[Opening Excerpted data section]

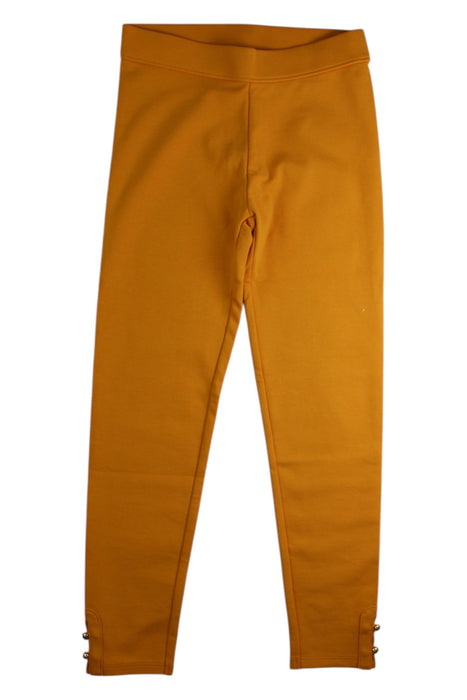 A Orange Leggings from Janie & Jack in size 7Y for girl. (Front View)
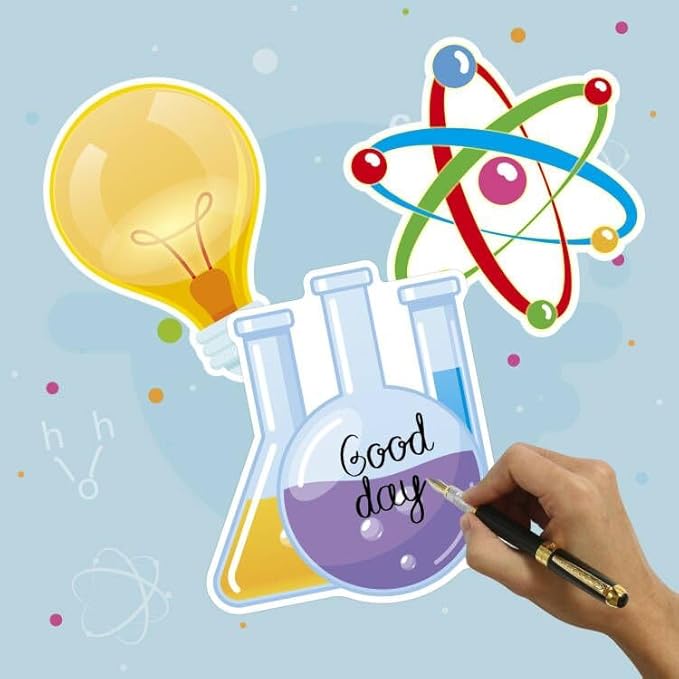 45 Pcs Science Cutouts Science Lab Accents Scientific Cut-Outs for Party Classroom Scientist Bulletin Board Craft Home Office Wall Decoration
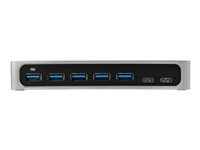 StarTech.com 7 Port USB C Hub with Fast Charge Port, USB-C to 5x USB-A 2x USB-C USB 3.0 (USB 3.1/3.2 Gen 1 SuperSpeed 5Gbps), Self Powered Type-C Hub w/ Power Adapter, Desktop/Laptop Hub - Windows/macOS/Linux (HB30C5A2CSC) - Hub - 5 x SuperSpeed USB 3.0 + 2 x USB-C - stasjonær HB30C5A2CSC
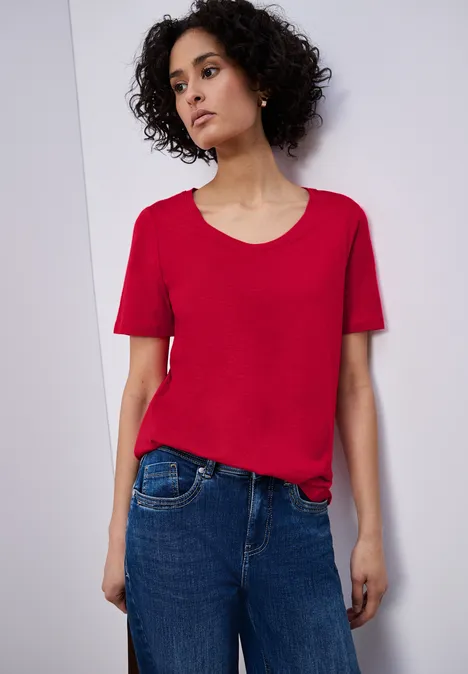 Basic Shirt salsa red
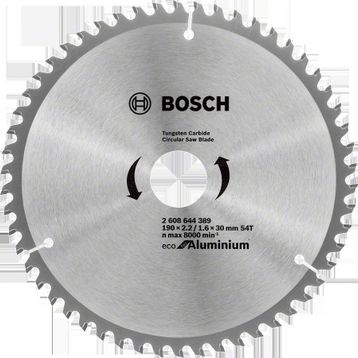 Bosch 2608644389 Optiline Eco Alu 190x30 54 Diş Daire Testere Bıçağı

[Closing Excerpted data section]
[Opening Excerpted data section]

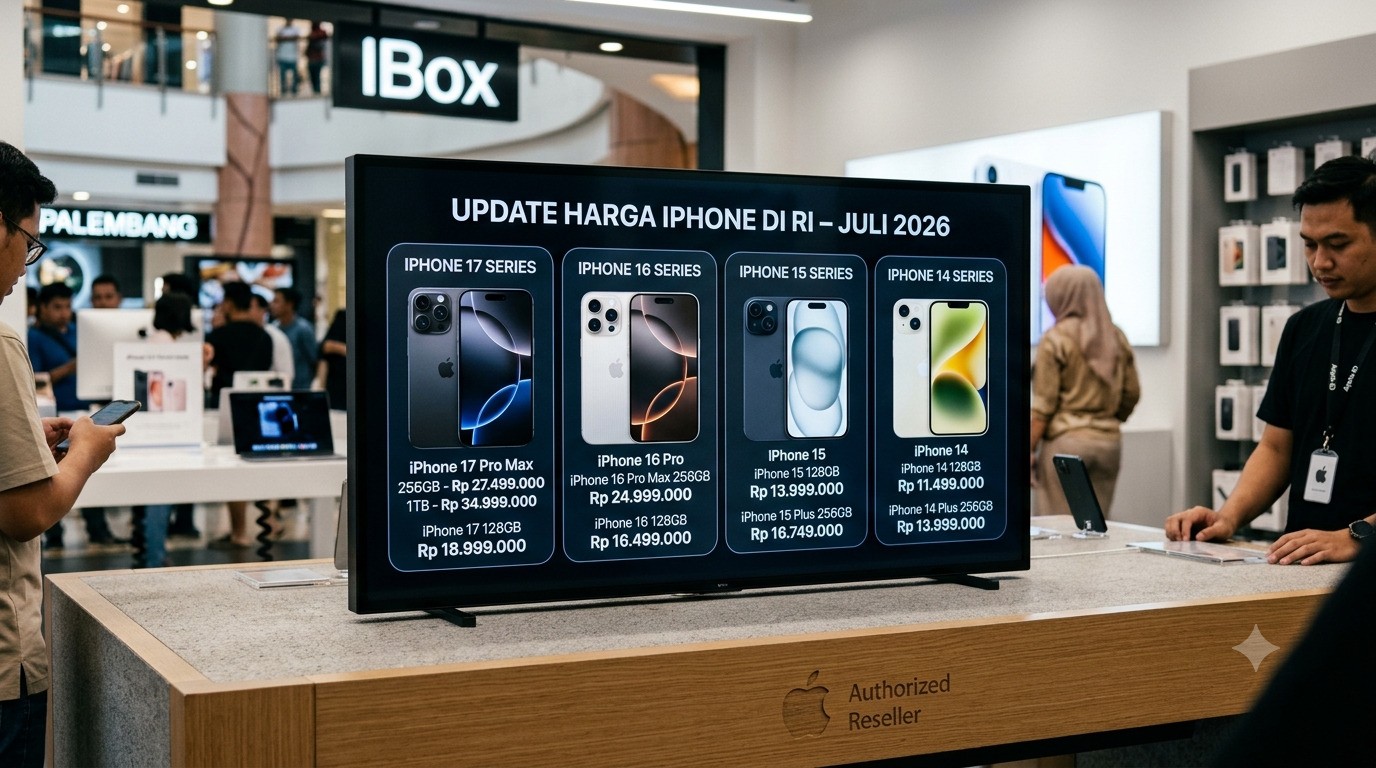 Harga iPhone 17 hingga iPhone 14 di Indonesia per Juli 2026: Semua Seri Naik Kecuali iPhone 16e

[Closing Excerpted data section]

▶ **Problem description**: In the listing above, find the line containing "45 Pcs Science" and the line containing "Bosch 2608644389 Optiline", then print exactly those two lines and every line between them, minus the pictures.

▶ **Answer box**:
 45 Pcs Science Cutouts Science Lab Accents Scientific Cut-Outs for Party Classroom Scientist Bulletin Board Craft Home Office Wall Decoration
 StarTech.com 7 Port USB C Hub with Fast Charge Port, USB-C to 5x USB-A 2x USB-C USB 3.0 (USB 3.1/3.2 Gen 1 SuperSpeed 5Gbps), Self Powered Type-C Hub w/ Power Adapter, Desktop/Laptop Hub - Windows/macOS/Linux (HB30C5A2CSC) - Hub - 5 x SuperSpeed USB 3.0 + 2 x USB-C - stasjonær HB30C5A2CSC
 Basic Shirt salsa red
 Bosch 2608644389 Optiline Eco Alu 190x30 54 Diş Daire Testere Bıçağı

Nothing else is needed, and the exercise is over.